Vézère a écrit :
Certainement pas. Mais c'était bien là le but insensé: Franco est allé à l'entrevue d'Hendaye avec la peur au ventre: il n'avait aucun moyen de refuser quoi que ce soit à Hitler.
- il était son obligé (soutien logistique et aérien pendant la guerre civile)
- il était complètement isolé diplomatiquement puisqu'infréquentable pour le camp allié. et il fallait bien pourtant que les approvisionnements en blé canadien demeurassent...
- il n'avait pas le début de commencement d'une force armée susceptible de supporter une politique forte, dans quelle direction que ce fut. Idem pour ses ressources économiques.
- une partie de son entourage était ouvertement pro-allemand. Au premier chef, son ministre des affaires étrangères et beau-frère.
Ma foi, j'ignore ce que Franco avait en tête quand il a rencontré Hitler, mais je ne suis pas sûr qu'il était si inquiet que ça... D'ailleurs, mécontenter le Führer par ses exigences, c'est bien ce qu'il a fait.
Mais, accepter d'accrocher le destin de l'Espagne à l'étoile du IIIe Reich, c'était effectivement une décision extrêmement lourde de conséquences pour lui. Et, pour commencer, ça le transformait
de facto en vassal du Führer. Même si la guerre tournait définitivement à l'avantage des Allemands, l'Espagne n'aurait été rien de plus qu'une province secondaire du IIIe Reich dans l'Europe du futur...
Vézère a écrit :
Donc, ces demandes exorbitantes étaient un coup de bluff qui n'aurait jamais du fonctionner: il aurait suffi au cours de la conférence que Hitler un seul instant reprenne ses esprits, en disant: "nan mais ho, vous êtes qui pour réclamer cela? Qu'est-ce qui pourrait d'exiger de vous, au minimum, de traverser l'Espagne par voie terrestre pour aller prendre Gibraltar? Et au maximum de rentrer dans la guerre à mes côtés?"
Ce sursaut de réalisme n'a pas eu lieu.
Franco, toujours mystique, a attribué cet aveuglement à un miracle privé.

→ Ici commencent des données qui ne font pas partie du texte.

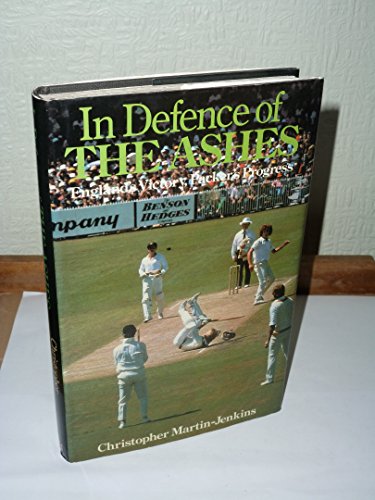 Imagen de archivo de In Defence of the Ashes: England's Victory, Packer's Progress a la venta por WorldofBooks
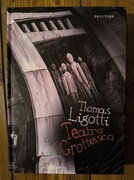 Thomas Ligotti - Teatro Grottesco
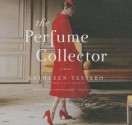 The Perfume Collector - Kathleen Tessaro, Heather Wilds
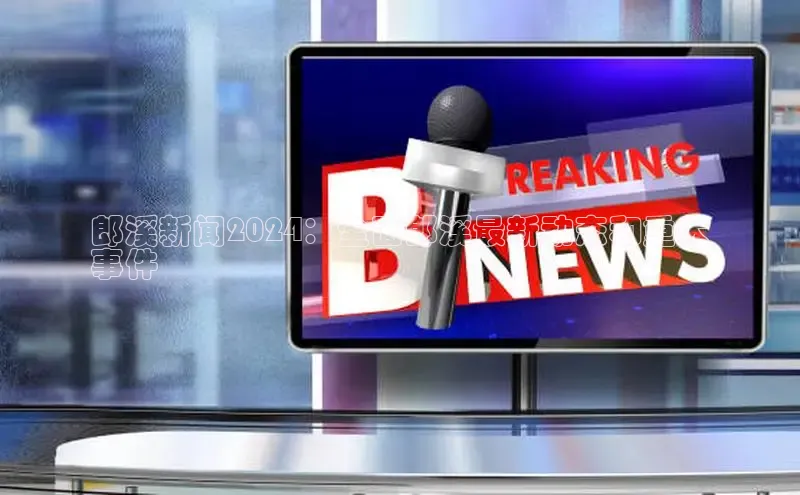 悟空体育网页版金山办公郎溪新闻2024：全面郎溪最新动态和重大
事件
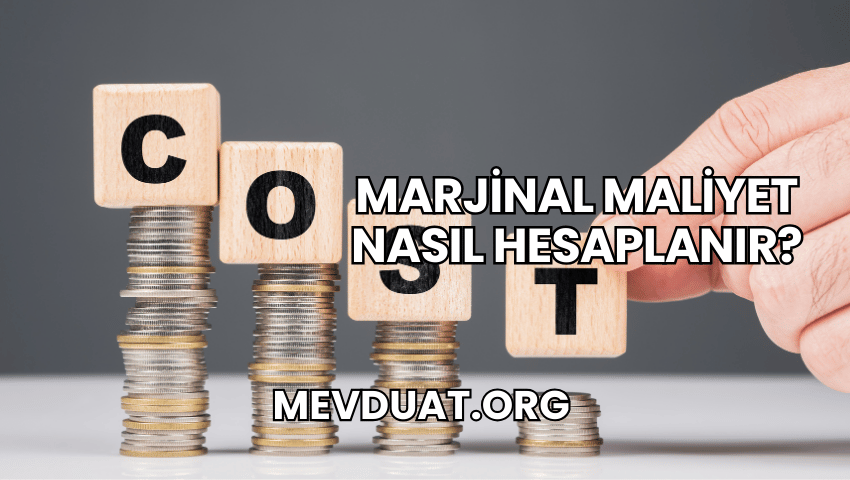 Marjinal Maliyet Nasıl Hesaplanır?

De fait, en tant qu'allié militaire pour le IIIe Reich, l'Espagne aurait été plus un boulet qu'autre chose... Sa principale utilité était de permettre la prise de Gibraltar, sans que ce soit excessivement périlleux pour les Allemands. Les exigences de Franco étaient exorbitantes mais, finalement, elles représentaient sans doute une compensation justifiable...
La prise de Gibraltar, et - à terme - l'éviction des Britanniques de la Méditerranée auraient été une immense victoire stratégique pour Hitler... Peut-être même susceptible de pousser la Grande-Bretagne vers la table de négociations ! Or, Hitler a refusé de payer ce prix fort, et n'a pas trop insisté auprès de Franco... Maintenant, le Führer lui-même croyait-il vraiment en la réalisation de cette « solution méditerranéenne », alors que son grand projet était plutôt l'invasion de l'URSS l'année suivante ?
Quand Hitler entreprend son voyage vers l'Espagne, il oscille entre le désir de « liquider » d'abord la Grande-Bretagne, et le souhait de se lancer bientôt dans l'Opération Barbarossa... Suite au refus de Franco, il retourne en Allemagne convaincu que c'est Barbarossa qui est la meilleure solution.